**Task goal**. Exact reproduction is required for the lines below starting at the line with "Men's Camouflage Relaxed" and ending at the line with "WC HookZ — uzlaboti", both included. No other lines, and no pictures.

**Source material**.
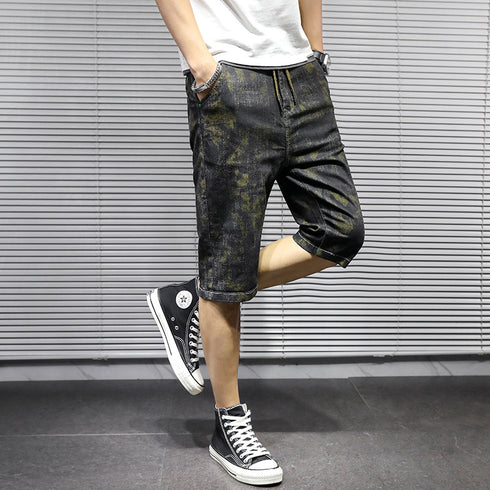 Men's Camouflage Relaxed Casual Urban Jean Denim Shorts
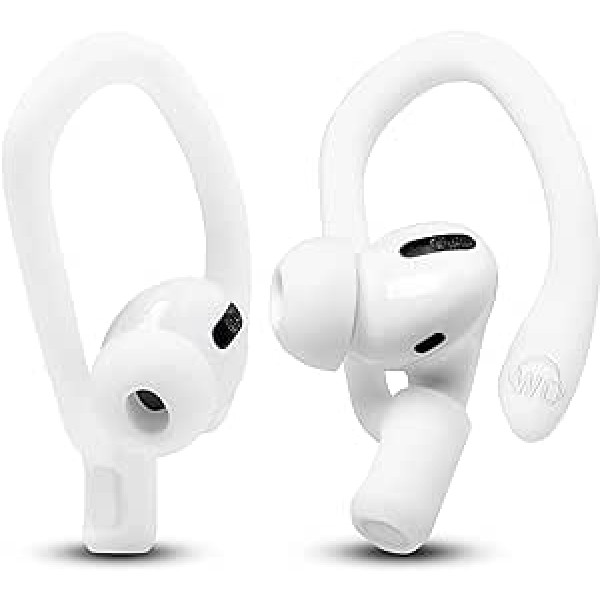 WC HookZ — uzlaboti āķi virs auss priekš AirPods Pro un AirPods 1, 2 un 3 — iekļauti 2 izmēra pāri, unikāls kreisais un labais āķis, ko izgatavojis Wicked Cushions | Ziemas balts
==
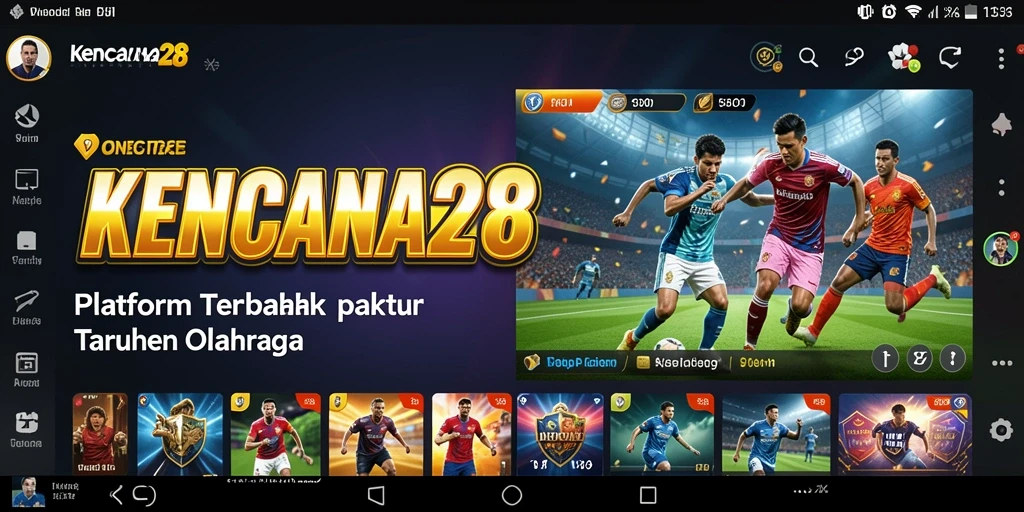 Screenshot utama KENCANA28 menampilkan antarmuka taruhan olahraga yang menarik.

**Result for this task**.
 Men's Camouflage Relaxed Casual Urban Jean Denim Shorts
 WC HookZ — uzlaboti āķi virs auss priekš AirPods Pro un AirPods 1, 2 un 3 — iekļauti 2 izmēra pāri, unikāls kreisais un labais āķis, ko izgatavojis Wicked Cushions | Ziemas balts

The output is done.